Münafikun Suresi, 1. Ayetinin Tefsiri

 

Sayın Adnan Oktar'ın 5 Eylül 2010 tarihli röportajından Münafikun Suresi ile ilgili açıklamalar.

 

ADNAN OKTAR: “Münafıklar sana geldikleri zaman: "Biz gerçekten şehadet ederiz ki, sen kesin olarak Allah'ın elçisisin" dediler.” Yani bayağı belli diyorlar. İnanıyoruz biz diyorlar. Halbuki kesinlikle inanmıyorlar. Ne Allah’a, ne Peygamber (s.a.v.)’e, ne Mehdi (a.s.)’ye, ne Hz. İsa (a.s.)’a; hepsine karşı kinlidirler. “Allah da bilir ki sen elbette O'nun elçisisin. Allah, şüphesiz münafıkların yalan söylediklerine şahidlik eder.” Onun için bak, “Biz gerçekten şehadet ederiz ki, sen kesin olarak Allah'ın elçisisin" dediler.” Münafığın “Allah birdir” demesinin dışında hiçbir şeyine inanmayacaksın.

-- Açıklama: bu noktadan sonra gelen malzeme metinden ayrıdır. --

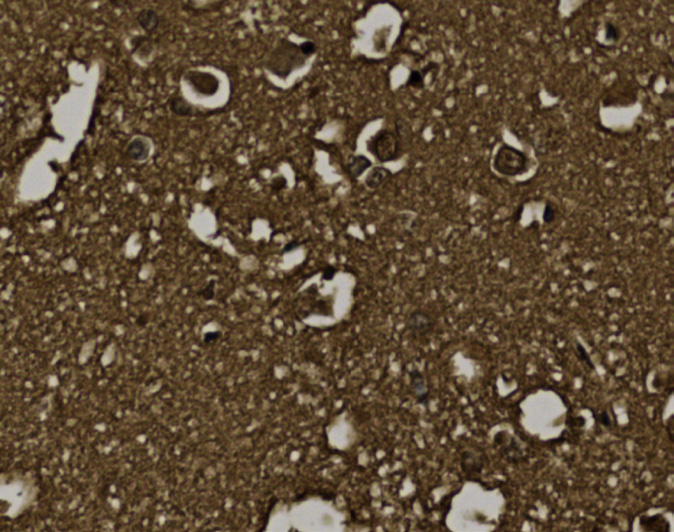 Tissue-Tek Genie<sup>®</sup><br /> anti-CD57 Tissue-Tek Genie<sup>®</sup><br /> anti-CD57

Yani Allah birdir, bir de Peygamber (s.a.v.) Allah’ın Resulüdür dediğini. Yani düz ayet okursa sadece ona inanırsın. Ondan geri hep sahtekarlık yapar, elinde değil. İblisin kucağına oturduğu için sürekli sahtekarlık yapacaktır.